(Saved entries)
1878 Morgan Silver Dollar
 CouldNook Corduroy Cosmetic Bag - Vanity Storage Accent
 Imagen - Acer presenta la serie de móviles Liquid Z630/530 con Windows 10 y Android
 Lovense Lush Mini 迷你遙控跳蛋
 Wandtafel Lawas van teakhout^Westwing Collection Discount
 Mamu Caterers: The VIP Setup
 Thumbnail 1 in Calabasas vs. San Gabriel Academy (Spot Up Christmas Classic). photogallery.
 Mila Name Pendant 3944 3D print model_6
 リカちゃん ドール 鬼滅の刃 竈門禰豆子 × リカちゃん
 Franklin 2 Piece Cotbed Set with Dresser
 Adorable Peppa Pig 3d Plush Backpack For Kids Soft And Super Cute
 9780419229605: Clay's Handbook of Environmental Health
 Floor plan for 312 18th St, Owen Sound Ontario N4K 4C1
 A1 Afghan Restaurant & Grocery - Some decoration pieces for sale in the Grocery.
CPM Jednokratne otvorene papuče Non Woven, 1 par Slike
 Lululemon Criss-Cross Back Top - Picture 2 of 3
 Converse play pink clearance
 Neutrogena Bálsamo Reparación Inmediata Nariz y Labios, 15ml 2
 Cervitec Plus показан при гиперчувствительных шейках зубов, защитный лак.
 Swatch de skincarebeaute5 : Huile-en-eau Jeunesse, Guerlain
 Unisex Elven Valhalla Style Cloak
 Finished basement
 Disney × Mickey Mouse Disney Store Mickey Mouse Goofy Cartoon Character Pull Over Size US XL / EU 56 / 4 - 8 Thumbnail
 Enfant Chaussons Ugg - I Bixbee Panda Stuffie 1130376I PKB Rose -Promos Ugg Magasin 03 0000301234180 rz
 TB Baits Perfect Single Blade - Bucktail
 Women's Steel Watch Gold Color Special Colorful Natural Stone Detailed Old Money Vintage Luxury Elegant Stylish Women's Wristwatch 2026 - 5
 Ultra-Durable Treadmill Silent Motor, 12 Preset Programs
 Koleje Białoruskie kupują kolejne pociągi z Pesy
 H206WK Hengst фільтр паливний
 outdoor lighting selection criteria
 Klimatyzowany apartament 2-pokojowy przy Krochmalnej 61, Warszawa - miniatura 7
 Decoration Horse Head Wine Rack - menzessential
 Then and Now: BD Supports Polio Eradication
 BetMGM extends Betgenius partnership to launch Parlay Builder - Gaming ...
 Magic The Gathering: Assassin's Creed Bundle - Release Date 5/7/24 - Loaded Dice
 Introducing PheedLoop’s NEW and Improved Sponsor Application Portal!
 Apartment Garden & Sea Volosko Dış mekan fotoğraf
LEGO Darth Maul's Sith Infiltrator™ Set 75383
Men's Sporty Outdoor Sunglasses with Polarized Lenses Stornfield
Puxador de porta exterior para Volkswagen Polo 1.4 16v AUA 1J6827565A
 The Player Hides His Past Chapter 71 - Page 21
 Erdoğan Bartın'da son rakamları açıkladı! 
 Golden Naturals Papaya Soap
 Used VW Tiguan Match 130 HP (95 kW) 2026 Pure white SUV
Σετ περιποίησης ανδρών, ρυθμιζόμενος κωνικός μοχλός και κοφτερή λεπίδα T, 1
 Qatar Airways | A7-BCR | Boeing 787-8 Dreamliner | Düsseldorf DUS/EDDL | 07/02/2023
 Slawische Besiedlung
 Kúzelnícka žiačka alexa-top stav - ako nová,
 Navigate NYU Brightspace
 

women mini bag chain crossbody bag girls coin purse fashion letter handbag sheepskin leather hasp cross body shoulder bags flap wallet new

__PROBLEM__:
Whenever a line includes the word "with", pull it out of the entries.

__RESPONSE AREA__:
 Franklin 2 Piece Cotbed Set with Dresser
Men's Sporty Outdoor Sunglasses with Polarized Lenses Stornfield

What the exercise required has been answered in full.